The following article from the Fort Wayne Journal Gazette might point to some positive changes from yesterday's professional standards board meeting.
Educators across Indiana are watching today as the state’s Professional Standards Advisory Board begins work on proposed licensing rules that need plenty of revision. The process began with a top-down approach scornful of expertise and experience. It now demands the thoughtful, deliberate guidance of advisory board members who understand the importance of ensuring Indiana schools have the most qualified teachers and administrators.
David Goodwin, superintendent of Metropolitan School District of Steuben County, is a member of the advisory board. He said this week that he expects the three-hour session today to be the first of several meetings to address proposed changes.
Goodwin, the only school superintendent on the panel, said he was assigned to one of several groups designated to look at one article of the document. The five-member group held three or four conference calls to work through the proposal after reviewing hundreds of comments submitted by mail, e-mail and through testimony at three hearings last month. Goodwin said the comments and the group’s own suggestions resulted in recommendations that will be presented to the full advisory board.
“Our group really took the public testimony to heart,” he said. “We’ve made three or four pages of changes.”
Goodwin said there are recommended changes, for example, in the early-childhood-education provisions, which originally lumped preschool instruction with K-5 guidelines, and with middle-school licensing – which failed in the proposal to recognize the unique needs of students in the middle grades.
“Our group has also addressed the issue of pedagogy – basically the courses you take at Trine University or IPFW on how to teach,” Goodwin said. “The original (recommendation) set a maximum number of course hours. I didn’t think that was the way to go.”
Goodwin said he had received more than 600 e-mail messages about the Revisions for Educator Preparation and Accountability, or REPA, rules. The response didn’t surprise him because the process wasn’t set up the way he had expected. Instead of starting with the existing rules and having Department of Education officials point out what works well and what doesn’t, Goodwin said, advisory board members were given a 70-page document with most of the existing rules stricken.
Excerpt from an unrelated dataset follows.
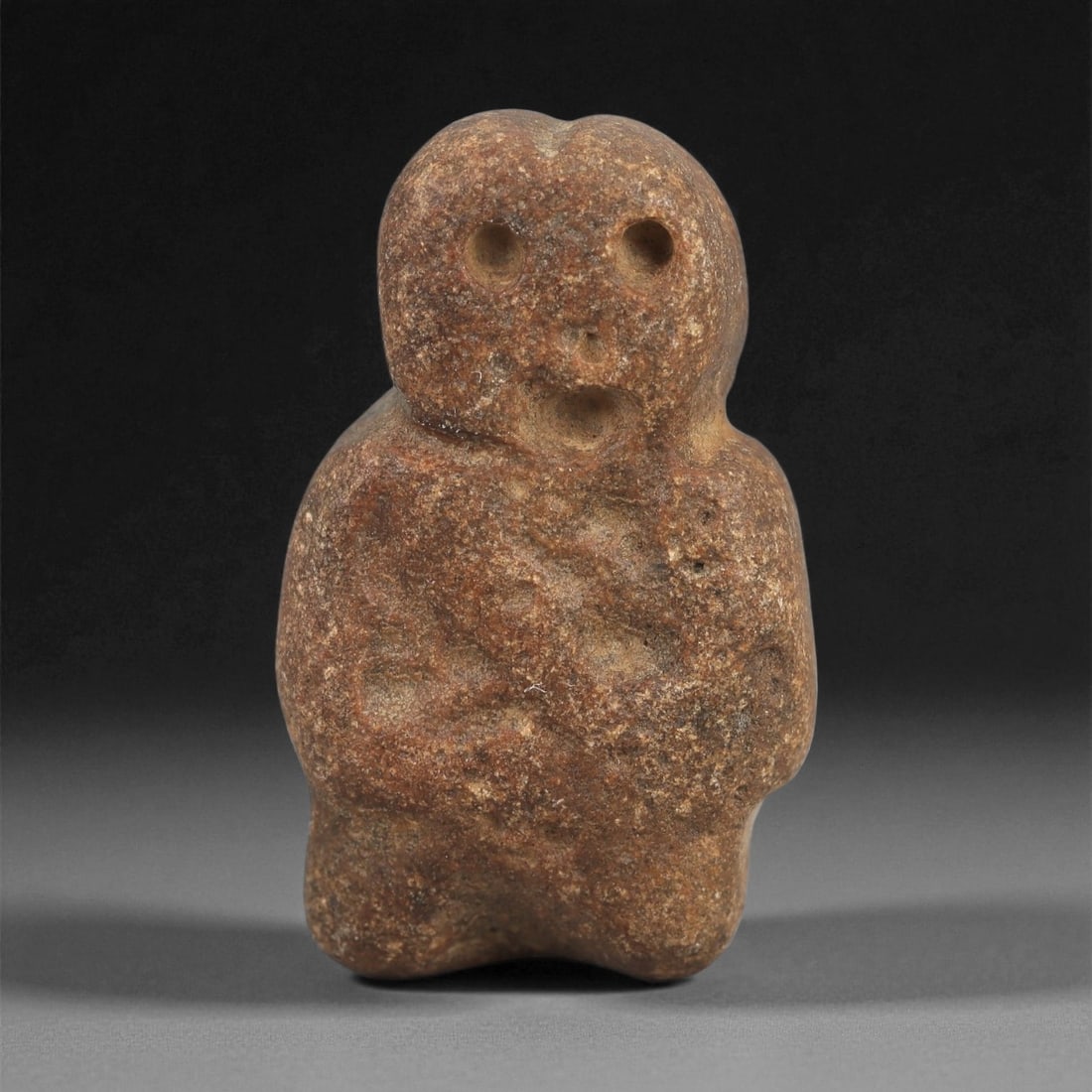 A Near Eastern Stone Anthropomorphic Figurine, 4th-3rd Millennium BCE, 24LD: Carved from a reddish-brown stone with surface weathering, the figurine is shaped with a rounded head, drilled circular eyes, and a small recessed mouth. The shoulders are slightly indicated, and the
From the start, the process has placed those most invested in the rules on the defensive rather than in the position of helping to improve them. Both State Superintendent Tony Bennett and Gov. Mitch Daniels have dismissed concerns from teachers, superintendents and college administrators as turf protection, but professional licensing standards have always been the purview of those within a particular field. CPAs don’t set medical licensing standards; dentists don’t run the state bar association. Why shouldn’t professional educators have authority over licensing in their field?
Where Indiana students are struggling, it is not the fault of teachers ignorant of subject matter. It’s where teachers and administrators have failed to recognize that classroom lectures and rote learning aren’t effective with all students, particularly as Indiana classrooms become more diverse.
Investment in learning research hasn’t had the support it needed, leaving teacher preparation lagging for too many years. But new demands for accountability have made their way to colleges and universities, and better training is the result.
Hundreds of educators across the state have stepped forward to point out faults in the REPA proposal, effectively making the case that proposed changes would lower standards. It’s time for the state schools chief and the governor to step back and allow the advisory board to draw on its expertise to develop education licensing rules worthy of Hoosiers’ high expectations for learning.